What's next for Apex — Your Personal Morning Intelligence

Slack and WhatsApp integration — the two major communication channels currently missing from the context graph. Adding them makes the Anticipation Feed dramatically more complete, especially for users whose most important conversations don't happen over email. Learned energy model — the current energy curve is based on sleep data and a morning check-in. With 30 days of usage data, Apex can learn each user's actual cognitive patterns: when they do their best work, how long their focus blocks tend to last, how meeting-heavy days affect afternoon output. The model improves with every week of use. Family and household intelligence — shared context for couples and families: one household brief that covers the whole family's schedule, who's picking up the kids, shared bills, and anniversary reminders that both partners see. This is the natural expansion from personal to household, and it's the path to the Family plan tier. Native mobile app — the morning brief and check-in are fundamentally mobile-first experiences. A native iOS and Android app with a home screen widget showing today's brief summary and a lock-screen notification that plays the audio brief the moment the alarm goes off. Apex for Teams — a shared intelligence layer for small teams and startups.
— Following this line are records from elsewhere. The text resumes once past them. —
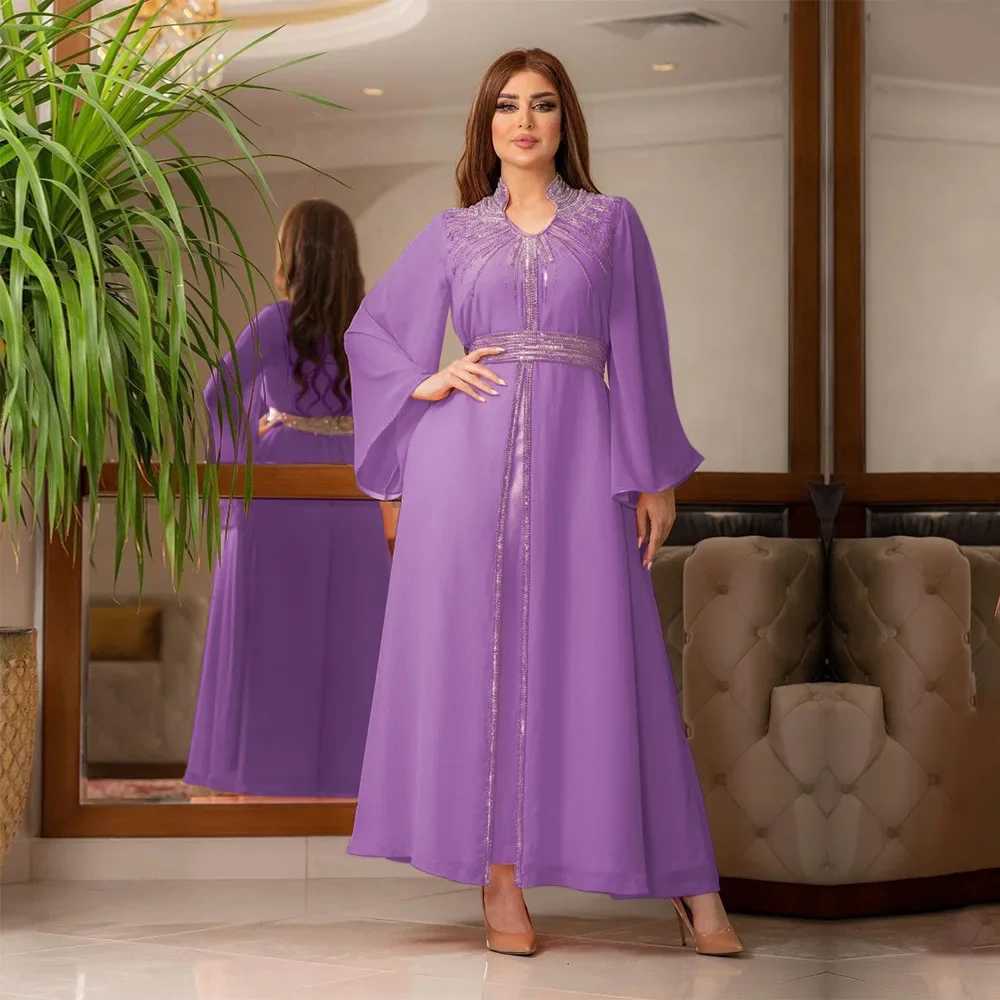 New Women Kimono Slve Diamonds Maxi Dress Eid Mubarak Djellaba Kaftan Muslim Abaya Ramadan Islamic Jalabiya Party Gown Caftan X250514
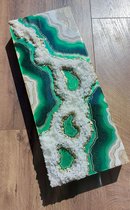 "Green Treasure" Geode Epoxy Schilderij - Geode Kunst - Kristallen Kunst - 20x50cm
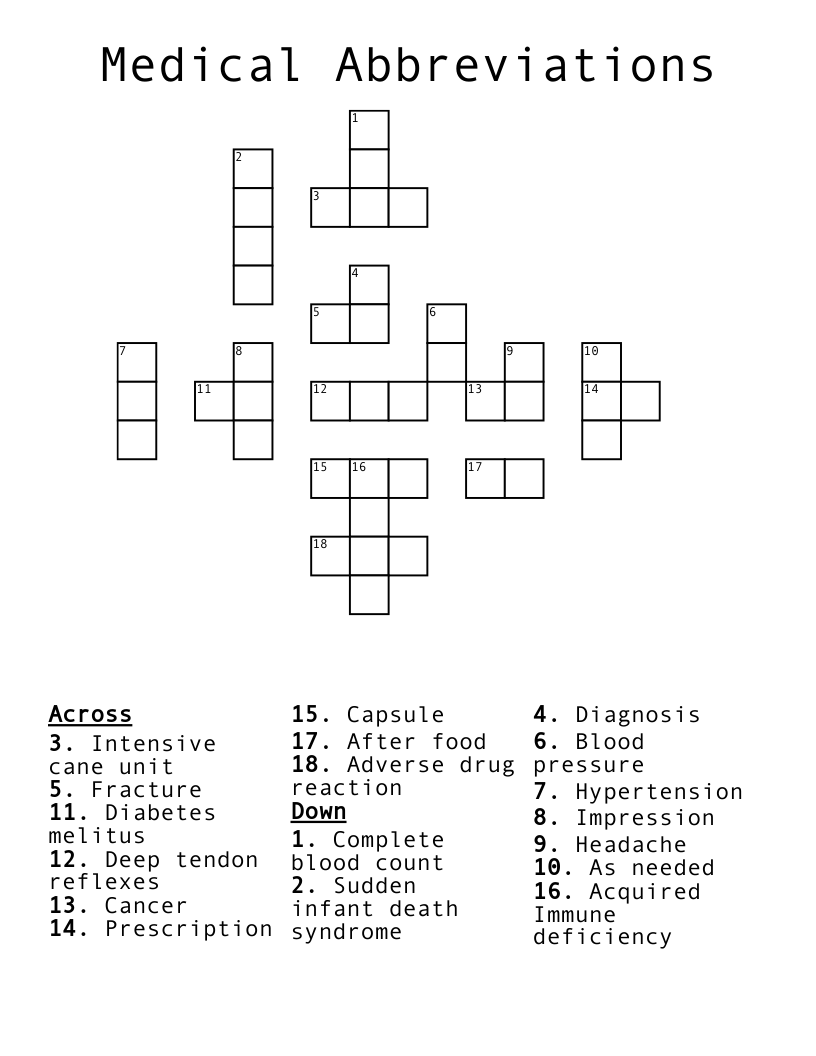 Medical Abbreviations  Crossword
Apex knows who on the team owes what to whom, which projects are at risk, who hasn't shipped in a while, and what the team's collective focus should be this week. The Monday morning team brief, delivered to everyone. The long-term vision is to become the morning layer that sits beneath every other app — the one source of truth for what matters today, powered by everything you already use. Apple tried with Apple Intelligence. Google tried with Assistant. Neither built the daily brief. Apex builds it first, as a standalone app, and grows from there.